April – Construction Zone Safety
Winter fading and spring budding means construction season is right around the corner. While construction can be frustrating, it is vital to ensuring our roads, sidewalks and drainage systems are safe and reliable for current and future citizens. When driving through a construction zone, complying with the posted speed limit is critical to keeping everyone safe. Slow down, pay extra attention to the environment, and look out for people working and other potential hazards. Speed fines double when caught speeding in a construction zone with workers present.
Stay up-to-date on construction projects around the city with the interactive map at Leduc.ca/construction
March – Ice Safety
What it looks like, may not be what it seems. That is the danger that lies with large frozen bodies of water during this shoulder season. As temperatures start to warm, it affects the integrity of ice – be it a lake or pond. Take great caution you are on a frozen surface as break in the ice can lead to a serious life incident.
Stay off storm water ponds! This time of year, the ice starts to deteriorate and water levels can fluctuate suddenly with snow melting in the adjacent neighbourhoods. If you see a closed sign at a boarded rink or grass pad, please do not skate on that ice surface to ensure everyone’s safety as the ice begins to melt. Stay safe by going skating on one of the several outdoor rinks within the City of Leduc.
February – Cold Weather Safety
Winters in Alberta can be harsh with temperatures dropping below minus 20 degrees Celsius; add in wind chill and conditions become frigid. If you are planning to be outdoors or travelling in your vehicle, make sure you are prepared. Check the weather conditions before you leave, dress warmly, and know the signs of frostbite and hypothermia to reduce the risk of harm.
If you are pet owner, make sure to bring them indoors or ensure they have adequate shelter to keep warm. See that they have access to water that is not frozen; we recommend a heated water bowl. Set a timer to check on your pet when you are letting them out.
While we may think we are safe inside our vehicles, it also comes down to how prepared you are. Keeping your car in good working order lessens your chances of being stranded during a cold weather event. If you can, keep your gas tank near full and have an emergency car kit in your vehicle to keep you safe and warm until help arrives.

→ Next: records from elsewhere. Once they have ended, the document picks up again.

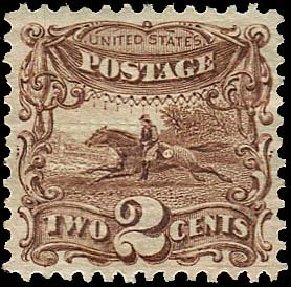 Prices of US Stamp Scott Cat. #113: 2c 1869 Pictorial Horse Rider. Regency-Superior, Nov 2014, Sale 108, Lot 254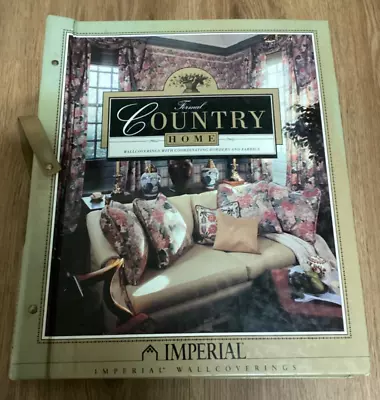 Vintage Wallpaper Sample Book 1990's Formal Country Home Imperial 125 Pages • $50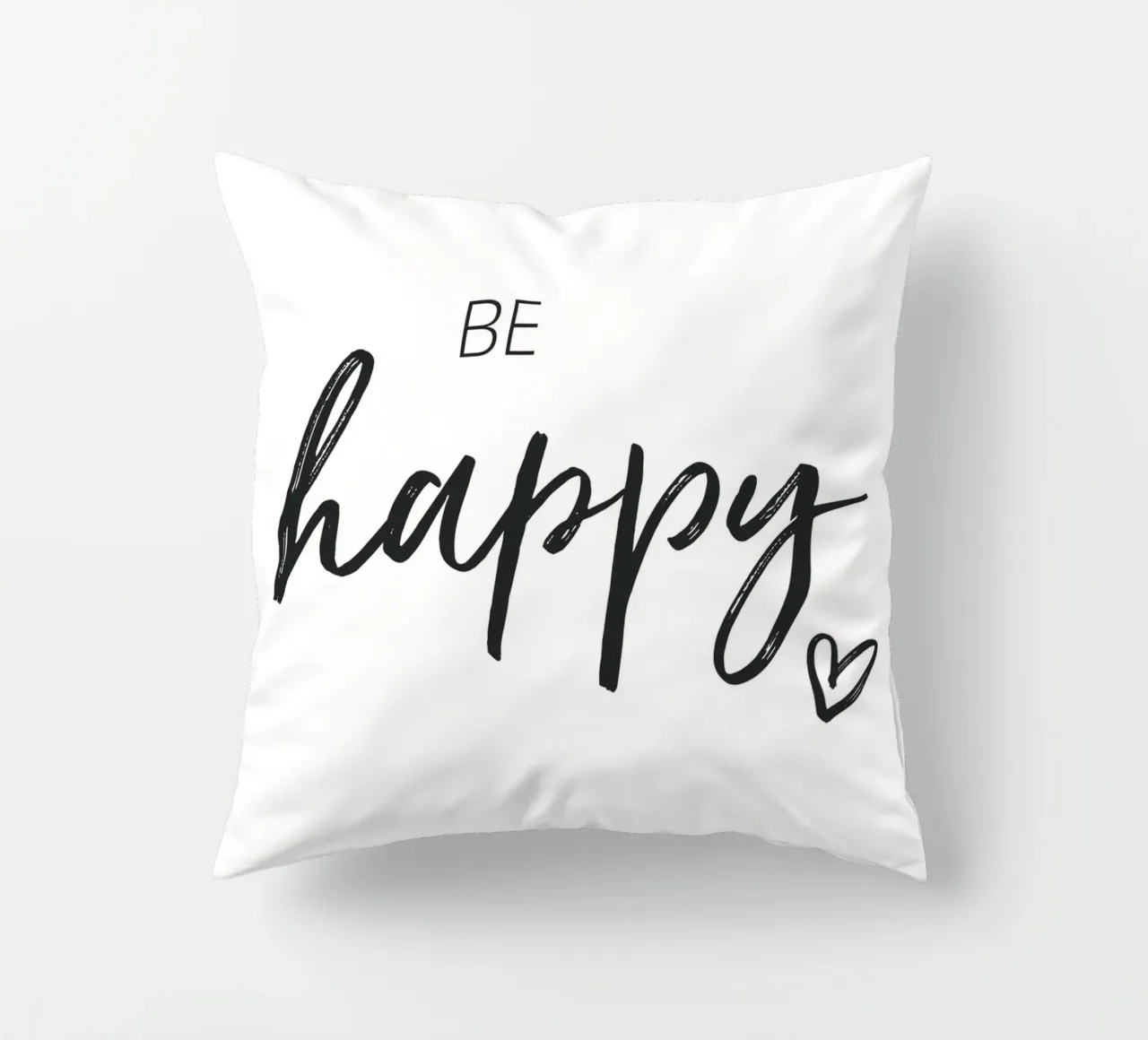 Be Happy - Design tipografico di ispirazione cuscino da Whole©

January - Abandoned Vehicles
What is an abandoned vehicle?
Under section 76 (1) of the Traffic Safety Act, a vehicle is deemed abandoned at that location if it passes 72 consecutive hours without movement. After 72 consecutive hours, the vehicle is considered to be abandoned and may be removed.
Why is this a priority for LES?
Abandoned motor vehicles are a priority for enforcement services this time of the year because they become an object that can attract criminal activity, as well becomes an obstacle on the road. These cars are commonly noticeable in winter with snow covering them to look like igloos. When it comes to snow clearing in residential areas, abandoned vehicles become an issue for snow removal equipment to maneuver around, which leads to the less effective clearing of roads to provide residents with safe passage in and out of their neighbourhood.